The data:
**********
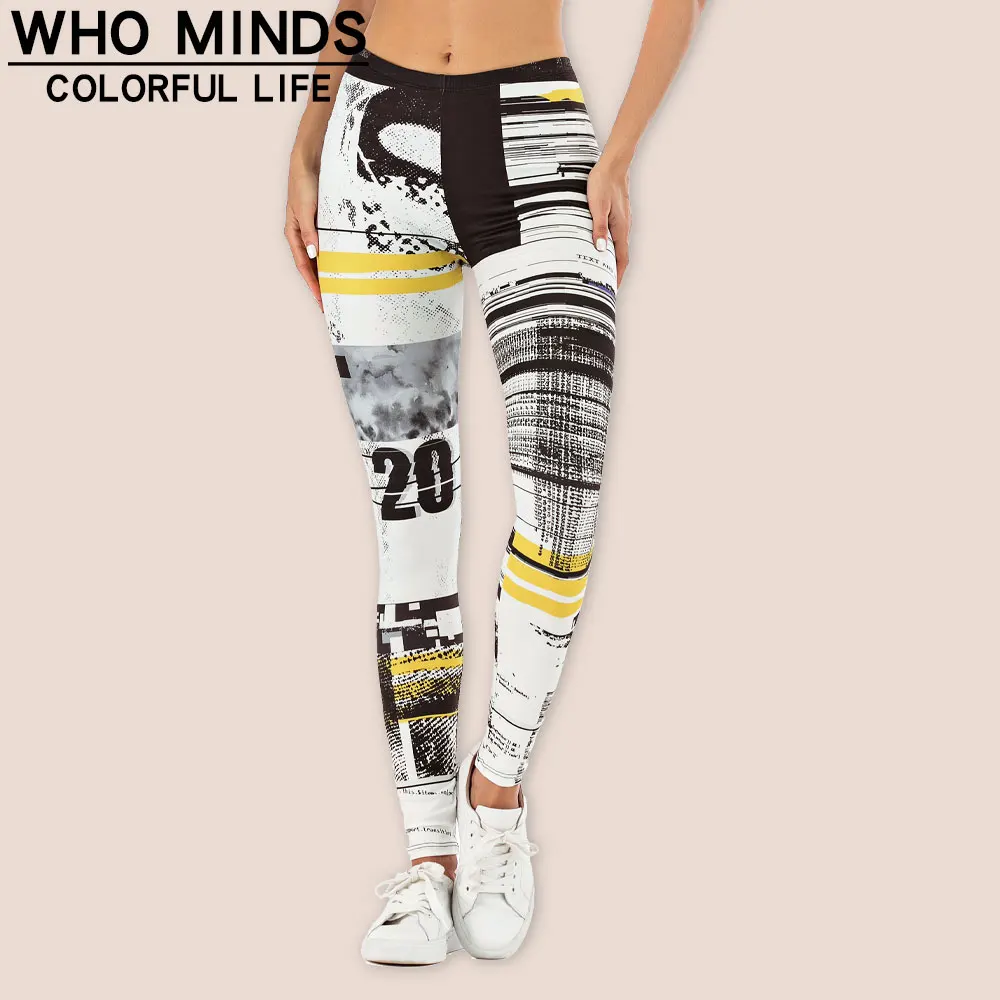 

Леггинсы женские с высокой талией и эффектом пуш-ап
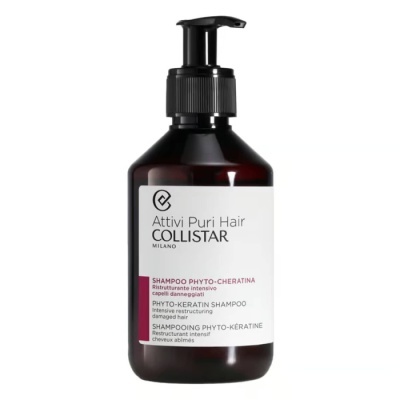 Collistar - Phyto-Keratin Champô Reestruturante Intensivo 250ml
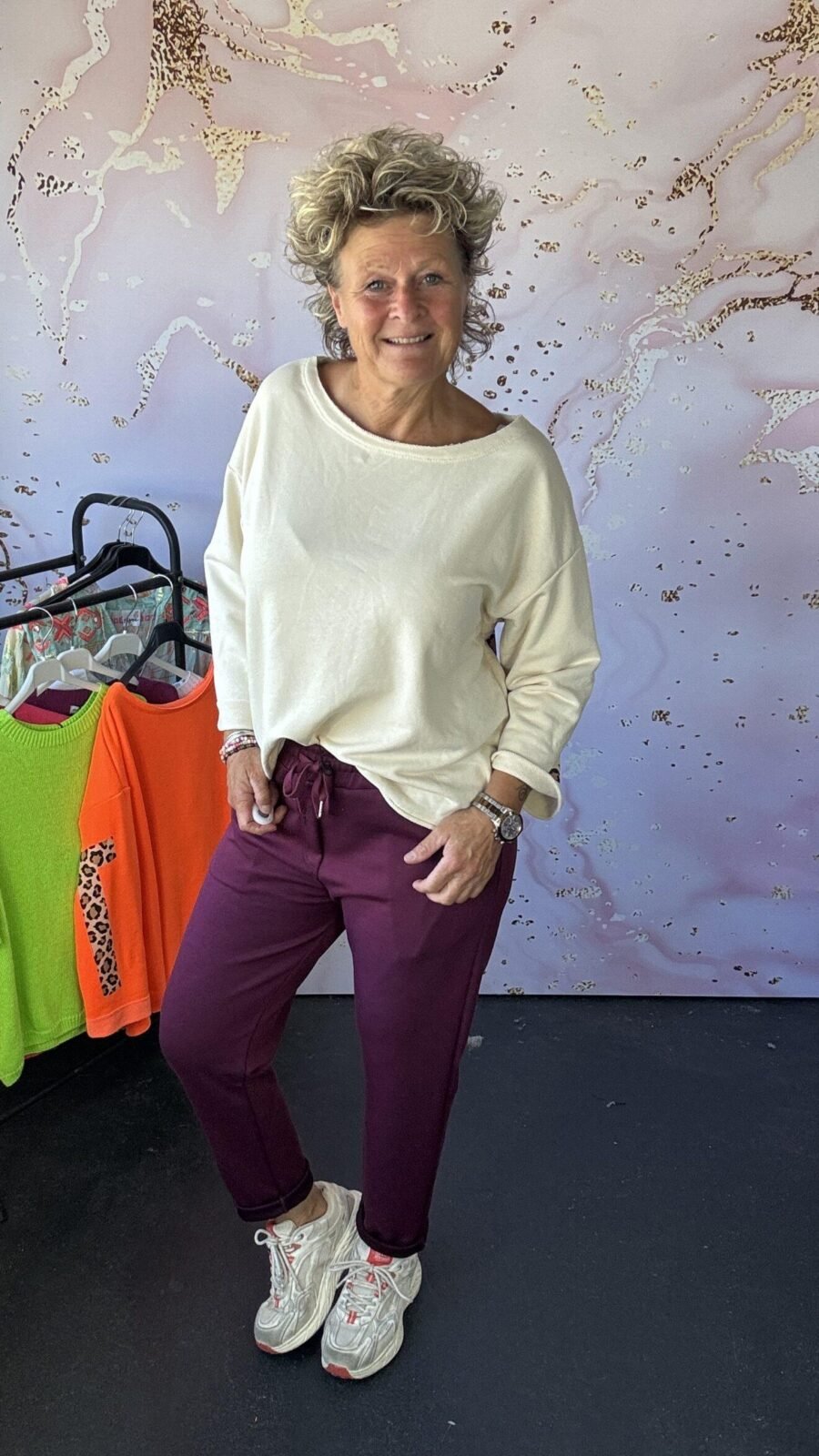 Jogg broek Bugrundi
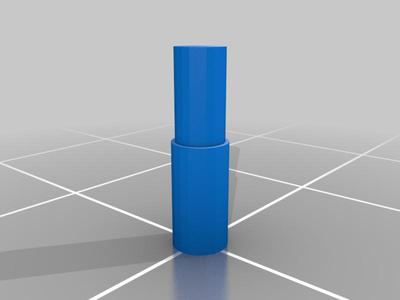 Slot Car Pin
**********
What you need to do:
Beginning with the line that contains "Collistar - Phyto-Keratin", repeat every remaining line of the data exactly, the last line included, and omit pictures.

Exercise result:
 Collistar - Phyto-Keratin Champô Reestruturante Intensivo 250ml
 Jogg broek Bugrundi
 Slot Car Pin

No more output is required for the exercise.